A word-for-word copy of the line containing "Kids Multifunction Magnetic" and every following line to the end of the data below is all the answer should hold.

- MATERIAL PROVIDED:
-=-=-
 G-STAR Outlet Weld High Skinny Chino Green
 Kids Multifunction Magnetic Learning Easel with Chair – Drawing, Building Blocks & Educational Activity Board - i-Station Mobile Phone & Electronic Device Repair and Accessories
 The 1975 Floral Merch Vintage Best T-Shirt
-=-=-
- THE COMPLETED TASK:
 Kids Multifunction Magnetic Learning Easel with Chair – Drawing, Building Blocks & Educational Activity Board - i-Station Mobile Phone & Electronic Device Repair and Accessories
 The 1975 Floral Merch Vintage Best T-Shirt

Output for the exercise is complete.